System Design Cheatsheet

Computer Arch:

RAM and cache do not store persistent data but our disk does
RAM stores a place for code and data
- The CPU can read the code and perform operations to write to the data
Moore’s Law: # of transistors doubles every two years - is beginning to plateau
- Individual computers are computationally limited by the CPU’s speed

Horizontal scaling – add more servers to handle requests in parallel.
- users send requests → load balancer → redirects request to the appropriate server
  - requires load balancing and often stateless design
- Pro: fault tolerance (if one server fails, traffic is redirected)
- Con: more engineering complexity (server coordination, consistent state)
- Favored in large-scale systems; often cheaper with commodity hardware.
Vertically scale - upgrade the server to handle more user requests
- Easier to implement, but limited by hardware capacity.
- ex. upgrading to higher-core CPU or adding RAM.
Our server can communicate with external servers (APIs - i.e.

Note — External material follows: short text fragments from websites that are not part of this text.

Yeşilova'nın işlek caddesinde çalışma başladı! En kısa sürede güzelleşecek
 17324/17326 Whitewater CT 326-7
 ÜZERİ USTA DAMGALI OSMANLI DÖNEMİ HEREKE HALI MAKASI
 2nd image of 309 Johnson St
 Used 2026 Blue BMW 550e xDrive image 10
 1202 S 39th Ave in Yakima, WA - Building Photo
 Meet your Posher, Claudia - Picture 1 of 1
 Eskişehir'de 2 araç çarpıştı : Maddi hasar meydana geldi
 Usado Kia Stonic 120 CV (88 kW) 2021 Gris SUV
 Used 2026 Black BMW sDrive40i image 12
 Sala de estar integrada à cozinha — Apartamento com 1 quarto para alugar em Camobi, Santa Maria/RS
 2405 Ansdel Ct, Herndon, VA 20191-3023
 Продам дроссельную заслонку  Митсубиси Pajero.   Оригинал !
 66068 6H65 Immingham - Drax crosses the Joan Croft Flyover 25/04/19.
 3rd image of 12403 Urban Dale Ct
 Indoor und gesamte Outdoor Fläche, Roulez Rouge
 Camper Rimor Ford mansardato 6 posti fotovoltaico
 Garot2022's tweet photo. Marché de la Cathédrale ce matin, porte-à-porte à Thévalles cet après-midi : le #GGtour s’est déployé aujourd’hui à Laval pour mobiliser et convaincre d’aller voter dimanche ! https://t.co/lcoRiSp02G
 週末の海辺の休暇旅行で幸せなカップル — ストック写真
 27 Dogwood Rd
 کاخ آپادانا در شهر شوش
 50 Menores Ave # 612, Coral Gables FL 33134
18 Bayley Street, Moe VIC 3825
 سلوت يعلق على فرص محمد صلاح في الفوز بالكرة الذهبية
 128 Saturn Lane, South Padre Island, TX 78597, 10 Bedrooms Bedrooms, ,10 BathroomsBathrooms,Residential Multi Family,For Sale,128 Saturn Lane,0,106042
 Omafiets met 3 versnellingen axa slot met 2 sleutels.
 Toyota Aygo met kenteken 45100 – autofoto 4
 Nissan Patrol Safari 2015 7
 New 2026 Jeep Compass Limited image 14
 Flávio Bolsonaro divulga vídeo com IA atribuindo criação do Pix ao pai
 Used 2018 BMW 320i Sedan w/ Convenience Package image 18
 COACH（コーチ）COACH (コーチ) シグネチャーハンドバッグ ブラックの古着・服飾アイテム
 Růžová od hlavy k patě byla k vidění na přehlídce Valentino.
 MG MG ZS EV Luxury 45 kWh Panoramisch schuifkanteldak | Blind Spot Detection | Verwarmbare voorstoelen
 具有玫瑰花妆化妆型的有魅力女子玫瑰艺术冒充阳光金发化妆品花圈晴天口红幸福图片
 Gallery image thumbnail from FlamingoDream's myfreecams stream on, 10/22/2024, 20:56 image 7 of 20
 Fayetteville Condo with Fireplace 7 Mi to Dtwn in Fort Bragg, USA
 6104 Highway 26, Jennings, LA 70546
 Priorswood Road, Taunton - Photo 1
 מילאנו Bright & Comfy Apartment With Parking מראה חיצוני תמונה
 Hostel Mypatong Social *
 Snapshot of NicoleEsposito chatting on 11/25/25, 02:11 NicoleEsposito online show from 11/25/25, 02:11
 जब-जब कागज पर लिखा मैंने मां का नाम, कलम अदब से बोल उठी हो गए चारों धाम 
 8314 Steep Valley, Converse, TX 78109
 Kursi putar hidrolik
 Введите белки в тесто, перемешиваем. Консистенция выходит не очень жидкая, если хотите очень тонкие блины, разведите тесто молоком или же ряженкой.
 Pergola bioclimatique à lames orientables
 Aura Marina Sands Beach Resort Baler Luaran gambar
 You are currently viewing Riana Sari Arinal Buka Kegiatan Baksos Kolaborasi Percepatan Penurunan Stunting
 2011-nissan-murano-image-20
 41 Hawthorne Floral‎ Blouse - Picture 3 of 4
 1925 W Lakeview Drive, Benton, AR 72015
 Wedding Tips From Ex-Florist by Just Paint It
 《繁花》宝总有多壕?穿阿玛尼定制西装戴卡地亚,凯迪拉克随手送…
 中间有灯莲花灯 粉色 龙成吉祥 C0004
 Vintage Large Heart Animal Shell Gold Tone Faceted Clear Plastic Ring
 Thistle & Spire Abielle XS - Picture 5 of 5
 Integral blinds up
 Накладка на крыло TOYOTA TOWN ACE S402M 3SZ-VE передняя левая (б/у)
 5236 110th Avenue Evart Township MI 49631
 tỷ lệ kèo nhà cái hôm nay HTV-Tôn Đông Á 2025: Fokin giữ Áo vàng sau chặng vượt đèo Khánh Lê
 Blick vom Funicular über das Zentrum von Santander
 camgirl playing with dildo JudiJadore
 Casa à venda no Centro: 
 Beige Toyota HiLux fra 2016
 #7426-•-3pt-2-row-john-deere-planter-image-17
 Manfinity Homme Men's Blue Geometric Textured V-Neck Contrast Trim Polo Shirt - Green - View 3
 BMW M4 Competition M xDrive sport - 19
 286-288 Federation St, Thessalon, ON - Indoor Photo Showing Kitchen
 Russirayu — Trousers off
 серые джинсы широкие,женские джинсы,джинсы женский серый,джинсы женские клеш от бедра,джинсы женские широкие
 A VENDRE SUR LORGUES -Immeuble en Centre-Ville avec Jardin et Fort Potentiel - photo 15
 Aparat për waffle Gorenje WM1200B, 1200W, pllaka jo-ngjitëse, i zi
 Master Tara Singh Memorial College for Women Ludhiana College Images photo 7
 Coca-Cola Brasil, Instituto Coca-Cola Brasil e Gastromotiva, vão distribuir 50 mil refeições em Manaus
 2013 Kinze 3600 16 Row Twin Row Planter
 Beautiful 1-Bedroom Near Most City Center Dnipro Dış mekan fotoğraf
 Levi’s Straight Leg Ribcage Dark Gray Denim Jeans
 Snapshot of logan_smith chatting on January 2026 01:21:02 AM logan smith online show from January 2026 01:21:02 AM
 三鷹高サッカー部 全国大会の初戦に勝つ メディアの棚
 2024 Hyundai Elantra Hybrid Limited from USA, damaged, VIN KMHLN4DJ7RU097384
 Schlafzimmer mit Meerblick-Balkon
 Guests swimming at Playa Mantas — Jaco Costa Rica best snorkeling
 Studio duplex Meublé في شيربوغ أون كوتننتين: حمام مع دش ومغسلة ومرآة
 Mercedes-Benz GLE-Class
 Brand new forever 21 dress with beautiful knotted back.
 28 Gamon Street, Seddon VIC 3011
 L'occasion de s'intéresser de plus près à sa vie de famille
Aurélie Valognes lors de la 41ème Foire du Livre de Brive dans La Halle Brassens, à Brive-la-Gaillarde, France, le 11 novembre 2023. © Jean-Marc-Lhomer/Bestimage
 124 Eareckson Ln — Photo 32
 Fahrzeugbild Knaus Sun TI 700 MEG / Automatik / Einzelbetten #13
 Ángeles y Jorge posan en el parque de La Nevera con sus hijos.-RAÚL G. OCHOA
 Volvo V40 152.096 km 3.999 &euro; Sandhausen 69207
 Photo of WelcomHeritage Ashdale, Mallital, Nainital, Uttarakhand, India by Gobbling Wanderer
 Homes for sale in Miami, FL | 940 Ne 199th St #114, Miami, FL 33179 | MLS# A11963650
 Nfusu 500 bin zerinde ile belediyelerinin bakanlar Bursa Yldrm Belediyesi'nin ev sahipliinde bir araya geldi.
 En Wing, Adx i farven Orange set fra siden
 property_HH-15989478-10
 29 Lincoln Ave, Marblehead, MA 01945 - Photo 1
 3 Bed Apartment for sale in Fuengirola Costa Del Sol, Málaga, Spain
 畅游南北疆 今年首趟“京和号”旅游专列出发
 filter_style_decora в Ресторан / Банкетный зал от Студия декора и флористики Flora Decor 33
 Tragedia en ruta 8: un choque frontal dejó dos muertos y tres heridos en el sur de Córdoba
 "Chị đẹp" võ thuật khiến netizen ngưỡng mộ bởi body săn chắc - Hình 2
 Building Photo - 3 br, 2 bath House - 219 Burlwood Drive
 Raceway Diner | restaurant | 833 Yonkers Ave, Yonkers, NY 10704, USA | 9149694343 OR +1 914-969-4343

Spotify API)
As devs, our server will often have a logging service which can be used to create time-series metrics
- These metrics feed our alerting system in cause our application performance dips to an unsatisfactory level

Availability –

Formula: uptime / (uptime + downtime)
- SLO (Service Level Objective) – Target uptime (e.g., AWS “five 9s” = 99.999%).
- SLA (Service Level Agreement) – Contractual guarantee; failure triggers compensation (e.g., AWS guarantees 99.9%).
Key Reliability Umbrella Terms
- Reliability – Probability the service will run without failure.
- Fault Tolerance – Ability to keep working despite component failures.
- Redundancy – Extra capacity or servers (e.g., horizontal scaling).
Throughput – Requests processed per time unit.
- QPS (Queries Per Second) – Common in server-to-storage operations (CRUD).
Latency – Time to complete a request.
- Not limited to networking — CPUs use caching to reduce latency and boost performance.